[Records contained in a dataset]
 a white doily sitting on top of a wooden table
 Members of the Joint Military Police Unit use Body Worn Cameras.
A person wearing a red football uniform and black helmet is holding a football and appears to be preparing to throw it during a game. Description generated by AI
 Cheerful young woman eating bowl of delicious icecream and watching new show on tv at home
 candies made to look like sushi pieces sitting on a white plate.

* * *

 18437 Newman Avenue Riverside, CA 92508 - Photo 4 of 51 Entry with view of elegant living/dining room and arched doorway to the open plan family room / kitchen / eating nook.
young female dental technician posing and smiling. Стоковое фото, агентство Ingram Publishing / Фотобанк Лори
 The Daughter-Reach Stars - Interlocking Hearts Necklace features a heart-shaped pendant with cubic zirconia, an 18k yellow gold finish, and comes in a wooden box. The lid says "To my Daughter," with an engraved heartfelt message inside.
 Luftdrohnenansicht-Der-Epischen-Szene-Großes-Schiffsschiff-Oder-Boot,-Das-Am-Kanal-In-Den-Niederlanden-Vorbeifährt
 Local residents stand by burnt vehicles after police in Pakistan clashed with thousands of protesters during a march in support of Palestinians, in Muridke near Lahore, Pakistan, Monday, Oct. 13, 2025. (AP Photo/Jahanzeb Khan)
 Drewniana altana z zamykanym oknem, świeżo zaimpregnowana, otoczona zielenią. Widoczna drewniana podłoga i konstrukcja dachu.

• _EXERCISE_
If a line in the records contains the word "eating", copy it out.

• _ANSWER TO THE EXERCISE_
 Cheerful young woman eating bowl of delicious icecream and watching new show on tv at home
 18437 Newman Avenue Riverside, CA 92508 - Photo 4 of 51 Entry with view of elegant living/dining room and arched doorway to the open plan family room / kitchen / eating nook.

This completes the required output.